The Spanish Armada Heritage Project Meeting at UL
The MMRRC team hosted a meeting to discuss the San Marcos Project, focused on the Spanish Armada shipwrecks.
1 December 2015
The MMRRC hosted a meeting to discuss the San Marcos Project, focused on the Spanish Armada shipwrecks. The San Marcos Project team and Doonbeg Adventures, our collaborators for 2016, were given a tour of the MMRRC’s facilities and equipment at UL.
The Spanish Armada was the largest land and sea invasion force at the time, a fleet of 130 ships assembled by the King Philip II of Spain in 1588. The Armada was to overthrow the Queen Elizabeth I of England and her Dutch allies by landing on the south coast of England.
However, at the Battle of Gravelines, where the Spanish were waiting for more troops to board on the ships, the English attacked and through a combination of guile, seamanship and luck break the Armada’s formation. The Armada was saved from defeat by the favorable winds, but Medina Sidonia, the Commander of the Armada, realized they need to regroup and return at a later stage. With the English fleet blocking the Channel the Armada set sail for the long and dangerous route around the Scotland and alongside the Ireland’s west coast. The favourable winds turned and the Armada was hit by one of the worst storms in history, the ships scattered and sunk alongside the west coast of Ireland.

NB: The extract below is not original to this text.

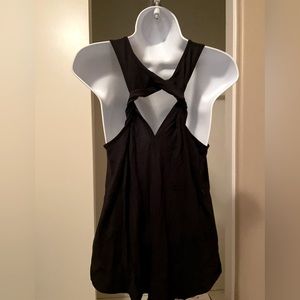 Tart super soft workout or casual top with open back. Black size small.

Less then half of the Armada returned safely to their home ports across Europe.
The Armada lost far more ships and men wrecked off Ireland than in battle with English fleet. The shipwrecks will be explored with the goal to raise public awareness, understanding and enjoyment of the critical role that the international Armada Campaign (1588 – 1603) played and the impact that the event had on European history and maritime heritage. Looking forward to going to the coast of West Clare with our collaborators in the New Year.